The Rise of Teams
Annual research on trends in human capital management from Bersin by Deloitte listed “the rise of teams” as the top trend for 2016. Teams continue to be at the forefront of how work gets done in 2017. Bersin predicts: “To thrive in the digital age organizations should focus on breaking functional groups into smaller teams, customer-centric learning, experimentation and time-to-market. Organizations should examine the way work gets done and then provide support mechanisms to facilitate cross-functional success”.[1]
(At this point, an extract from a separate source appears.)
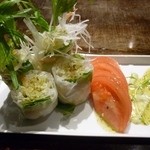 粉もん堂 - 水菜と魚介の生春巻きハーブマヨネーズ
According to Fast Company’s top five trends for 2017 the teams are becoming more complex, blending employee and contingent workers, on-site and virtual team members. “One trend we’re already seeing is the spread of cross-functional, ad hoc, and steering teams—which in many cases replace or supplement the work of a traditional, full-time team of people all working onsite together in the same department”.[2]
More and more, work gets done by cross-functional teams that come together on specific projects. Advances in technology has facilitated working in this way. However, only 21% of the companies polled by Deloitte believe they know how to build cross-functional teams and only 12% understand how people work together in networks.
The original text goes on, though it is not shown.